What Does Energy Break-Open Threshold (EBT) Mean?
The energy break-open threshold (EBT) refers to the highest amount of electrical energy that a given material can withstand before breaking open.
It is a measurement of a material’s ability to protect workers against arc flashes and other discharges of energy, and it is defined as the point at which the material exhibits a 50% probability of break-open.
Safeopedia Explains Energy Break-Open Threshold (EBT)
It is important to note that a break-open is a break in the material of at least 1.6 cm2, or 0.5 in2. For the purpose of safety, this minimum amount of break-open refers to the point at which the worker wearing the broken-open material faces a 50% probability of experiencing a second-degree burn due to exposure to the incident energy.
The energy break-open threshold is one of two criteria used to determine the arc rating of a piece of clothing or other wearable material used as personal protective equipment (PPE) against arc flashes and other forms of incident energy. The other criteria is the arc thermal performance value (APTV), which is the point at which a material that has not yet experienced break-open transmits enough heat that the wearer has a 50% chance of receiving a second-degree burn.
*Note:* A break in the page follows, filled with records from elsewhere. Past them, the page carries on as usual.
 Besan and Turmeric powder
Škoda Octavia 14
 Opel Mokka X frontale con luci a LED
Both the EBT and APTV of a given material or garment are measured with a single test, and the lowest value is used to determine the material’s arc rating.
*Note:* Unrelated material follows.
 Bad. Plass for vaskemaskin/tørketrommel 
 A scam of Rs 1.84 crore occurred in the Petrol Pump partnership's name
The most common testing standards used to determine EBT and APTV are ASTM F1959 and IEC/EN 61482-1-1. Both standards use virtually identical tests to identify a material’s arc rating. As the United States and many other jurisdictions require the use of arc-rated PPE in workplaces, these testing standards have legal weight in determining whether a given garment provides sufficient protection to workers who are exposed to an electrical hazard.